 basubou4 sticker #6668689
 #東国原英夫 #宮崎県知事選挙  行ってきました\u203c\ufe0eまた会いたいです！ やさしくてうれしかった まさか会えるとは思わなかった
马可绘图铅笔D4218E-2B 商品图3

━━━━━━━━━━

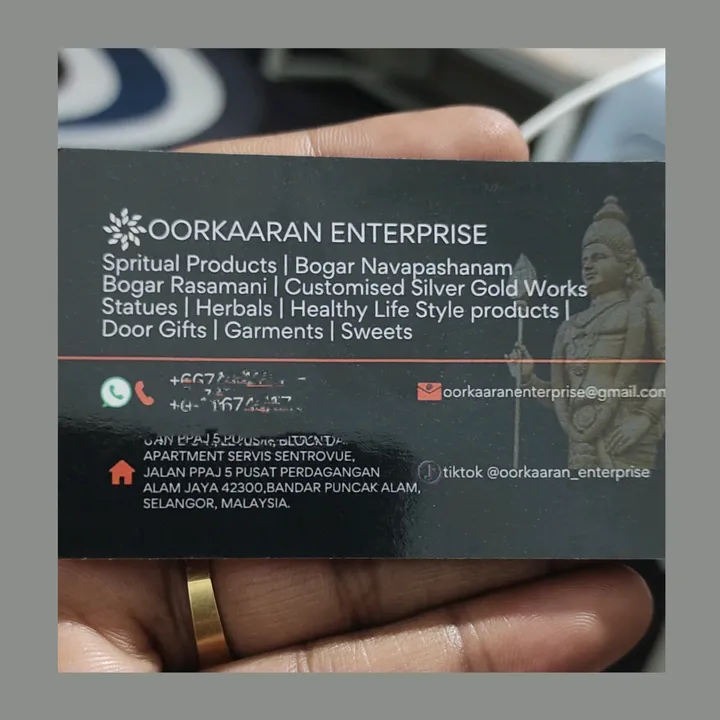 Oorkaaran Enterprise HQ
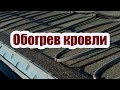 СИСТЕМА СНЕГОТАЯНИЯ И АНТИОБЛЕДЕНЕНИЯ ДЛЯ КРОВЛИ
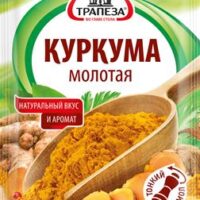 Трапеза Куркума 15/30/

━━━━━━━━━━

# Task description
Using the entries above, output exactly the lines between the line holding "basubou4 sticker #6668689" and the line holding "马可绘图铅笔D4218E-2B 商品图3", end lines included, and nothing more.

# Response
 basubou4 sticker #6668689
 #東国原英夫 #宮崎県知事選挙  行ってきました\u203c\ufe0eまた会いたいです！ やさしくてうれしかった まさか会えるとは思わなかった
马可绘图铅笔D4218E-2B 商品图3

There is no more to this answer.